Tim Hill pitched a shutout 6th in relief of Luis Gil — and got help by a Tremendous, Graig Nettles-esq play by Jazz Chisholm Jr.to start the inning.

Hill allowed a 2-out single but got the final out for a scoreless inning and was in line for a possible win after the Soto homer in the bottom of the 6th.

5. Holmes Allows Run to Tie It

But in the top of the 7th, Clay Holmes came in and didn’t have it. He allowed a leadoff single to Kyle Isbel, then a hard-hit shot of a single to Tommy Pham, then a rocket lineout by Bobby Witt Jr.to right, which allowed Isbel to move to 3rd on a sac fly.

Salvador Perez drove in Isbel with a sac fly to left and it was a tie game 2-2 before Holmes got the final out on a strikeout. A good sign.

6. Volpe Out at Home on Doubleplay in 7th

With the game tied 2-2, Anthony Volpe started a Yankee rally in the bottom of the 7th with a 1-out single against lefty Sam Long. Anthony Rizzo worked a walk to put runners on 1st and 2nd.

Jose Trevino then hit a chopper to 1st that Salvador Perez, playing 1st, made the play on and tagged Trevino down the baseline while Anthony Volpe made a dash home. Perez threw a bullet home to nail Volpe at the plate.

Umps initially ruled that Perez had missed the tag on Trevino so he was called safe at 1st — but KC won the challenge and it was an inning-ending double play.

7. Erceg Shuts Down Yanks Late

And then Lucas Erceg entered the game for Kansas City, a 29-year-old righthander they acquired from Oakland at the trade deadline for 3 prospects.

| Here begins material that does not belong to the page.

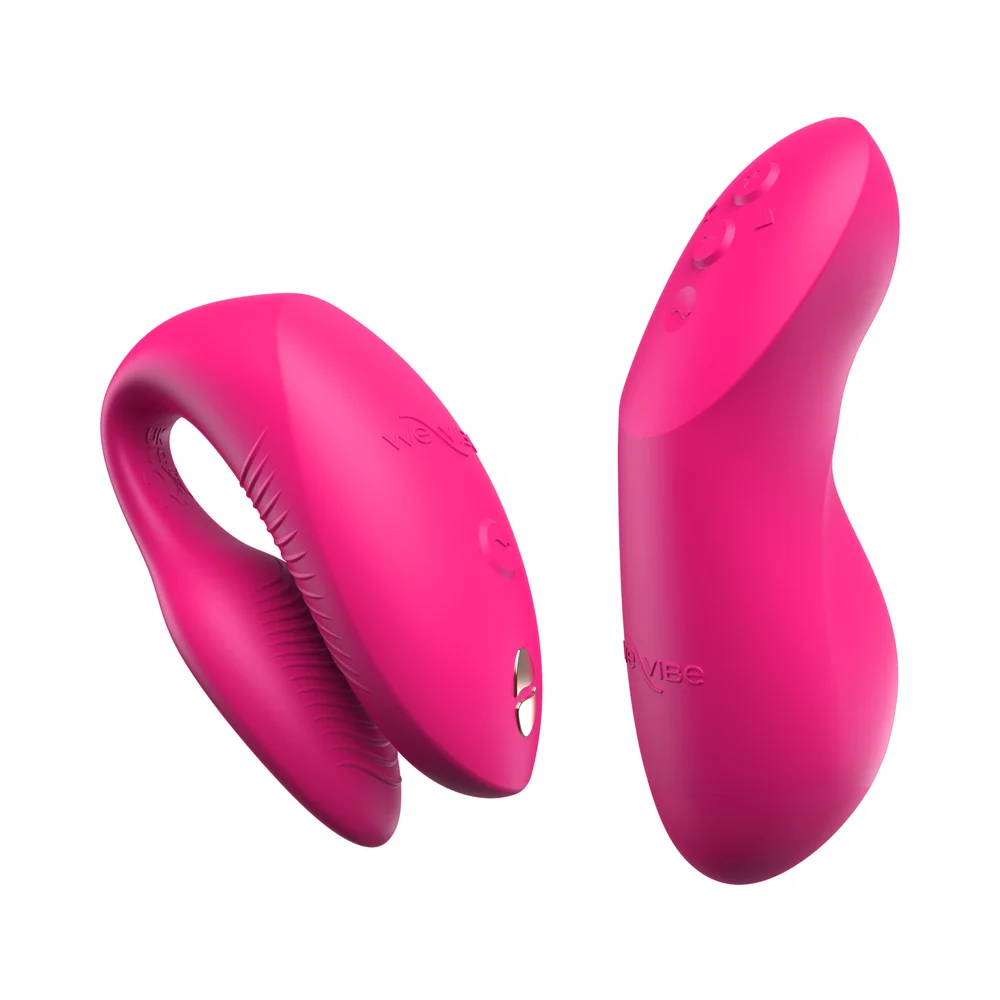 We-Vibe Chorus Pro Electric Pink - Image 2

Erceg throws 100-MPH SMOKE and throws in a nasty 85-MPH slider. Erceg pitched a shutout 8th — Aaron Judge actually got a single off him with 2 outs but Erceg struck out Chisholm on 3 pitches to end the inning — an 86-MPH slider and then two 99-MPH fastballs.

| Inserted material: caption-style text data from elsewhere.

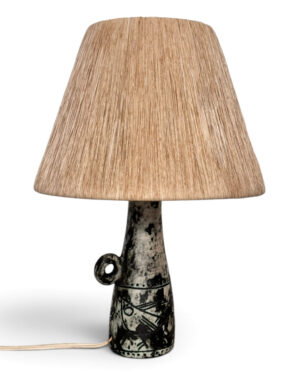 Lampe céramique Jacques Blin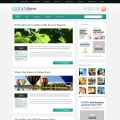 Image for Image for SimpleWhite - WordPress Template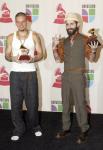 Calle 13 Lead 2009 Latin Grammy Awards With Five Nods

Erceg also pitched a 1-2-3 bottom of the 9th — Anthony Volpe making the final out by grounding out on a 99-MPH sinker — did we mention Erceg has a 99-MPH sinker too?

8. Kahnle, Cousins Terrific

Meanwhile the Yankee late-inning relievers were just as terrific — in fact, even more so.

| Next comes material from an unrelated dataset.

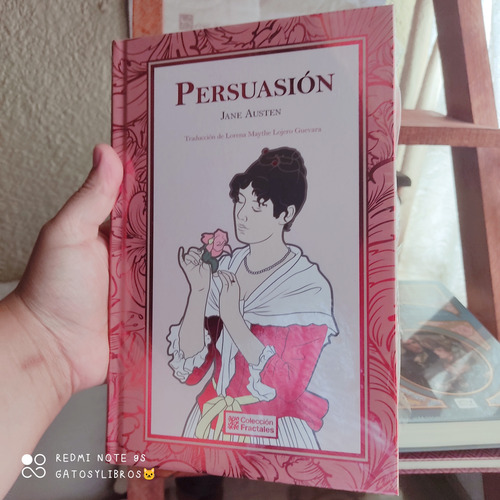 Orgullo Y Prejuicio Y Persuasión De Jane Austen Pasta Dura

Tommy Kahnle pitched a 1-2-3 shutout 8th — groundout, lineout, strikeout — to keep the score 2-2.

Jake Cousins pitched a shutout top of 9th — allowing a 2-out walk to Tommy Pham but then picking him off 1st — the second runner Cousins had picked off 1st this week.

In the top of the 10th, Cousins had to deal with the inherited runner on 2nd — and worse yet, the Royals put in speedster Dairon Blanco to run for Pham.

Cousins struck out Bobby Witt Jr.to start the inning, but Blanco stole 3rd. Blanco then danced off 3rd, and scored when Cousins threw a pitch in the dirt that got away from Trevino momentarily.

Cousins walked the tough Salvador Perez — who massacred the Yanks with his hitting in the 3-game series — and was relieved by Luke Weaver.

Weaver got a fly out and strike out to end the inning but the Yanks were down 2-1 and now needed to score their inherited runner.

9. Wells Clutch Sac Fly Ties It

Down 2-1 in the bottom of the 11th with Anthony Volpe the inherited runner on 2nd, the Yanks played small ball against reliever Kris Bubic. Oswaldo Cabrera popped up a bunt but it dropped in for a sacrifice.

Then Austin Wells pinch hit — and hit a Clutch sac fly to left, Volpe just barely getting in in time on a slide home.

10. Dream Weaver

And then Dream Weaver in the top of the 11th — with the inherited runner on 2nd, he got a short fly to left by Michael Massey that didn’t advance the runner, then struck out Paul DeJung and Maikel Garcia to strand the inherited runner on 2nd and give the Yanks a chance at a walk off.

11. Chisholm Clutch Hit Wins It

Jon Berti pinch ran as the inherited runner in the bottom of the 11th, and Juan Soto led off with a grounder to the right side that advanced Berti to 3rd with 1 out. Then Jazz Chisholm Jr.did his job — knocking a 2-1 slider from Bubic into the hole where Bobby Witt Jr.could only dive on it and throw awkwardly home — wide — as the run scored for the old ballgame!